I’ve never heard that (the 5 days on, 2 days off) and it doesn’t really make much sense from the animal (daily dosing) or human studies (daily or weekly dosing) that have been done. I think what you may be referring to is the Mannick study where they did weekly dosing for 6 weeks, then 2 weeks off before testing (their immune response).

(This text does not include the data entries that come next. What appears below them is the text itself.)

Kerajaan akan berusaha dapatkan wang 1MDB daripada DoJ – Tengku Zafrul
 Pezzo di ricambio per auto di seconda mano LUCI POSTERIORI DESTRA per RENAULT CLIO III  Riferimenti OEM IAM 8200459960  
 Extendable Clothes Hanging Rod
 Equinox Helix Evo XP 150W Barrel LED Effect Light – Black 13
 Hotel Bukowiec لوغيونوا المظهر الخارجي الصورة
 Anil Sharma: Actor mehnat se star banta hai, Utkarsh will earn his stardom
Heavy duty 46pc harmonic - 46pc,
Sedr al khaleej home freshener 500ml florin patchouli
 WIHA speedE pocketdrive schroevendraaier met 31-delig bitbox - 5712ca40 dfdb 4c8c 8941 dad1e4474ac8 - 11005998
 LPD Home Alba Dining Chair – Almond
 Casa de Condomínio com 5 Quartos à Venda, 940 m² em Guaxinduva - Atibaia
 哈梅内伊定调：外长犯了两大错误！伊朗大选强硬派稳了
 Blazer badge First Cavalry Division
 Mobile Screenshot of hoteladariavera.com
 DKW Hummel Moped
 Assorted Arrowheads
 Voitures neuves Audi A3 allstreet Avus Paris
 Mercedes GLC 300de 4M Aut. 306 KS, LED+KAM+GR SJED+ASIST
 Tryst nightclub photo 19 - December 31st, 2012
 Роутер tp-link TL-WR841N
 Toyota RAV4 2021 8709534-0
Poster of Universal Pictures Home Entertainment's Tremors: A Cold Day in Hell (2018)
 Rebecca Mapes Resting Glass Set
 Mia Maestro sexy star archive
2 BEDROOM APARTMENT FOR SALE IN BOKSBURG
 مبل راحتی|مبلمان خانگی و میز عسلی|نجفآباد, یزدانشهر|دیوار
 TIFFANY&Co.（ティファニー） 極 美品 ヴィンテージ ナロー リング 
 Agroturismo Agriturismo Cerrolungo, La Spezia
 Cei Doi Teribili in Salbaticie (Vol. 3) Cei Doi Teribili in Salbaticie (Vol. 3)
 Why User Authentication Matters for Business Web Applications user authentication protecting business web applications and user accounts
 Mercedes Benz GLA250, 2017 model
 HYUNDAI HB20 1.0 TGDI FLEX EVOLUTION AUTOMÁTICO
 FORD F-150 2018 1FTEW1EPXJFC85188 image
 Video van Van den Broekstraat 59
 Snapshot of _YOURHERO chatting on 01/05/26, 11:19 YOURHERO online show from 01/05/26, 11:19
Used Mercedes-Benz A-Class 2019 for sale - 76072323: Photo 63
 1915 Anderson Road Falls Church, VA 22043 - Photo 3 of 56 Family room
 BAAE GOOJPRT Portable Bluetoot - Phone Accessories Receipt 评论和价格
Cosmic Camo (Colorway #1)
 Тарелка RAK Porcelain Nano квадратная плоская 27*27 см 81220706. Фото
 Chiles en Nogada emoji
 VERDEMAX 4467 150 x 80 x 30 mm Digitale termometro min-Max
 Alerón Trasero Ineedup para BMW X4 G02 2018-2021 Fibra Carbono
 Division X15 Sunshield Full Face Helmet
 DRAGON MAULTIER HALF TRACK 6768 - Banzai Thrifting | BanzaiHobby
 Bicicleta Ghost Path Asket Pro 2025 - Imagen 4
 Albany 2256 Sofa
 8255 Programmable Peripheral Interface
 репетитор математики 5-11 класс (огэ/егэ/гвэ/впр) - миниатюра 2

The weekly dosing is based on the long half life of rapamycin (from 60 hours to 90 hours), and the issue that if you dose frequently (i.e. daily) for a long period of time (without week or longer “off” period) you eventually start getting mTORC2 inhibition which can lead to immune system suppression.

More details here: How long after you receive your moderna booster vaccine can one resumed taking your Rapamycin dose? - #5 by RapAdmin

Also - see here: Rapamycin Clinical Studies in Healthy People (part 2)

More dosing info here: What is the Rapamycin Dosing / Dosage for Anti-Aging or Longevity, and Life Extension?

@owen5819 Welcome to the forum.

I like this question because it makes us all go back to the mechanism that we are trying to influence. 5 days on and 2 days off I have not heard of, but it I were to make an argument for it, assuming we are using a 1mg per day dose, would be that it is just high enough to slow down the aging effect on mTOR1C, but may not be so high that mTOR2C is inhibited.

Most of the anecdotal information that Dr.G and Dr. B are reporting seem to suggest that bigger doses spaced further apart in a pulse manner are getting the best subjective response and with possibly more potential for more brain activity.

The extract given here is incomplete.